The Paris Peace Agreement “was meant to last until the state
institutions created under the new constitution were able to operate in
accordance with the principles of plural liberal democracy, including
the doctrine of separation of powers, judicial independence, the rule of
law (not necessarily rule by law) and the ability of parliament to hold
the executive to account and the National Election Committee to hold
free, fair and peaceful elections,” Mr. Subedi said in an email.
By any independent measure, few of those standards have been met in the 22 years since the agreement was signed.
Carlyle Thayer, a Southeast Asia expert at the Australia Defense
Force Academy, said the present state of global politics, in which the
U.N. Security Council cannot even come to a consensus over whether to
intervene in Syria, means that calls for help in Cambodia are wildly
unrealistic.
“The permanent 5 [members of the Council] would never cooperate on
behalf of Sam Rainsy or others [in Cambodia], because one side or the
other would veto,” he said, adding that the level of human rights abuses
in Cambodia today also placed it fairly low down on the list of
international priorities for the U.N.
“It’s not that [Cambodia] isn’t important. It’s that the issues of
electoral fraud being talked about don’t seem important compared to
chemical weapons in Syria or extremists gaining ground in Libya and
onwards,” he said.
CNRP president Sam Rainsy admits that Cambodia’s problems are
relatively insignificant compared to other countries, but the country
should not accept less than what was promised 22 years ago by the
international community when it signed on to help Cambodia achieve a
liberal democracy that protected human rights.
“I have been told so everywhere I went to.
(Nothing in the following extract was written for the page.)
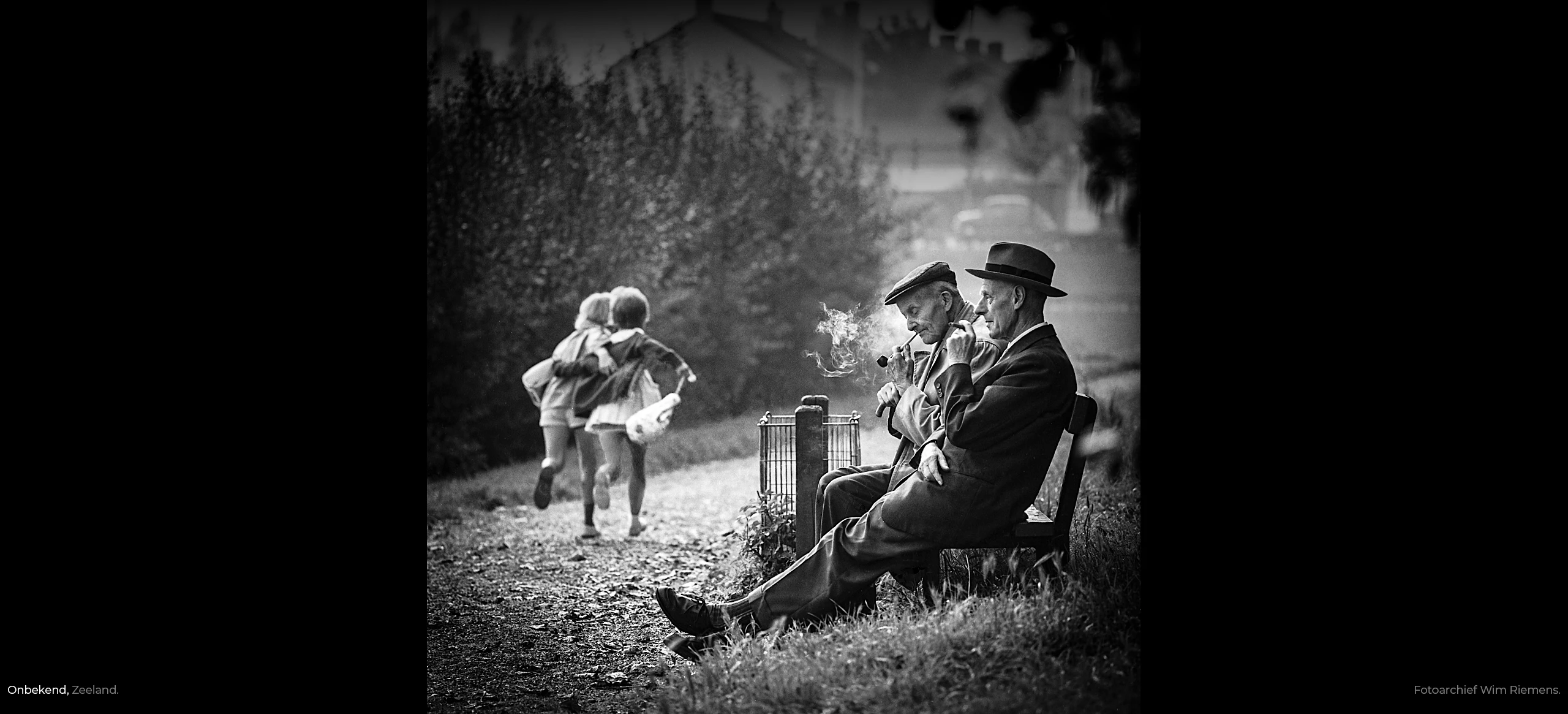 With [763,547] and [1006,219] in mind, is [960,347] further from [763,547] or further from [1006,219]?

I have been told there are
many other priorities; that Cambodia is not on their radar,” Mr. Rainsy
said.
“But I think this is a matter of principal. Because we are in
Cambodia, we cannot say this is good enough for Cambodia,” he said.
“A universal standard should apply to all countries in all
circumstances. If you say that we don’t have time—‘this is good enough
for Cambodia’—you get involved in a process that is further and further
from the principles [the Paris Peace Agreement signatories] were meant
to advocate,” he said.
“This kind of election would never be accepted in France and the U.S., why should it be accepted in Cambodia?”
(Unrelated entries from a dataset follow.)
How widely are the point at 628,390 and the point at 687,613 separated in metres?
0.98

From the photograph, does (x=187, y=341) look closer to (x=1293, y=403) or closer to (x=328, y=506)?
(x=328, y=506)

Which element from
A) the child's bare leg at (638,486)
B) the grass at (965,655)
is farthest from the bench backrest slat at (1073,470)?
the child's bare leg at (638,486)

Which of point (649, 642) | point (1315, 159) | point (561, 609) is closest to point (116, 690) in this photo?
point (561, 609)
Yoshihiro Higuchi, deputy head of mission at the Japanese Embassy,
said that the role of international signatories under the Paris Peace
Agreement was unclear, and that the CNRP has yet to explain exactly how
it thinks foreign countries can help resolve the present political
dispute.
“The question remains open whether the Agreement is direct or not, to
what extent there is an obligation to abide by it and what signatories
would have the obligation to do or not. So we are trying to figure out
what the CNRP are thinking about,” Mr. Higuchi said.
“The Peace Agreement laid down the framework with which the Cambodian
people elect their own government by fair and open elections in 1993.
So this is the main purpose. Of course, the international community
should accompany efforts by Cambodians, but now Cambodians should take
the driver’s seat and the international community, including Japan, is
accompanying their efforts,” he said.